The Challenge of Linguistic Relativity
Psychology has inevitably been influenced by the cultural contexts in which it has developed
and been practised. In that respect, one might speak of multiple ethnopsychologies across
the globe at varying levels of scale, from the transnational to the subnational. However, over
recent decades, Western ethnopsychology, and specifically American ethnopsychology, has
come to dominate the field i.e., academic psychology as an international endeavour to the
extent that it is often regarded uncritically as psychology in toto (Christopher &
Hickinbottom, 2008). Analysing these power dynamics, Danziger (2002) suggests the prior to
the Second World War were various centres of knowledge and practice, including Berlin,
Cambridge, and Chicago, as well as peripheral locations where such knowledge/practice was
reproduced.

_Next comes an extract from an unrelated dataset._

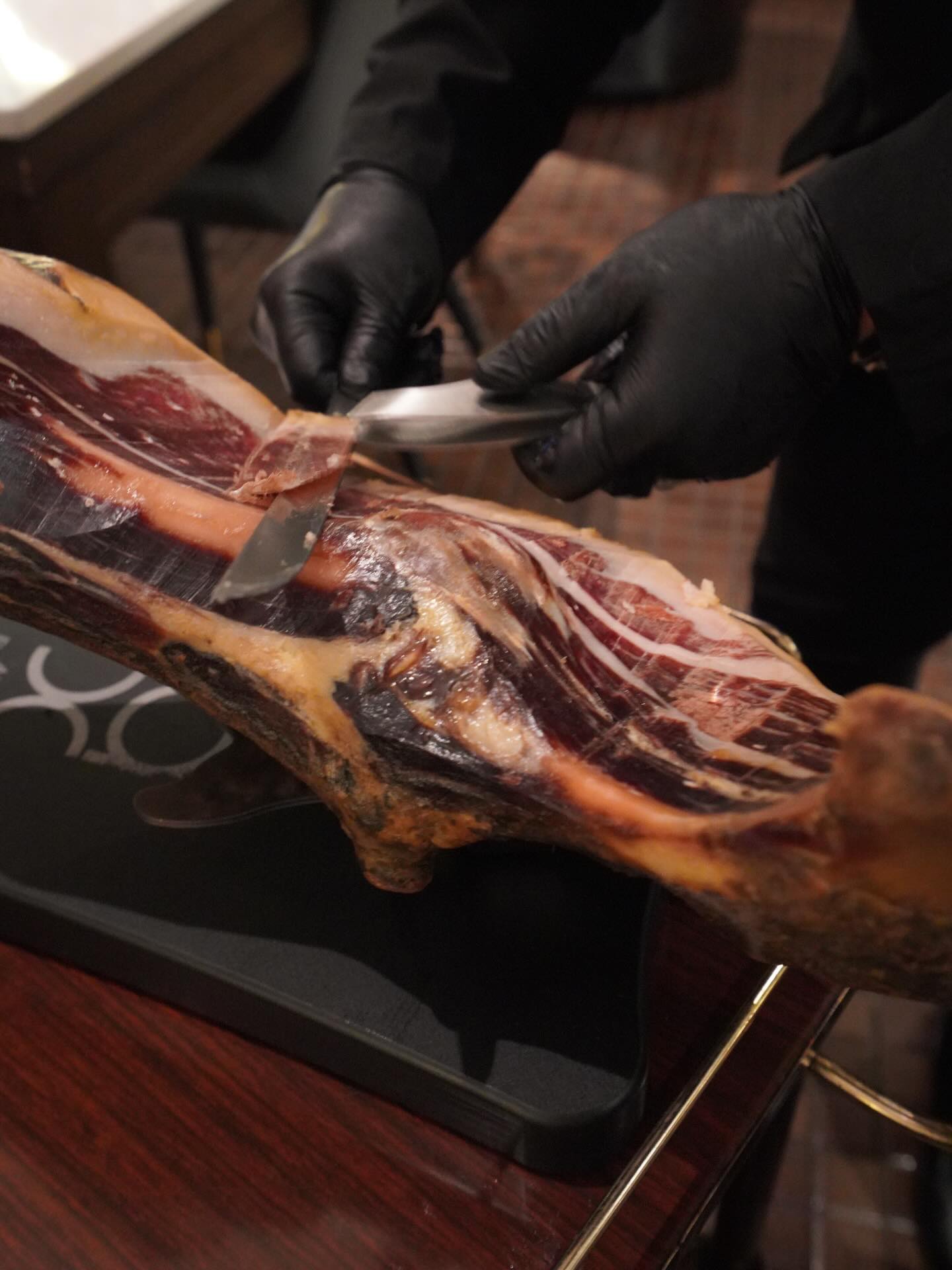 แพรว - คณิตกุล เนตรบุตร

However, the post-war economic and military dominance of the United States
meant that American psychology was exported globally, effectively becoming the sole centre,
to the extent that the adjective American soon became erased as superfluous. This has
meant that concepts, ideologies, priorities, and methods associated with American
psychology have come to dominate the international scene. One aspect of this dominance is
that (American) English has become the default language for the field. This means that most
of its ideas and theories are structured around the contours of the English language. This
linguistic bias is an issue, since the knowledge developed within the field is therefore to an
extent provincial and culturally-specific. The significance of this issue can be understood in
terms of the linguistic relativity hypothesis’ (LHR).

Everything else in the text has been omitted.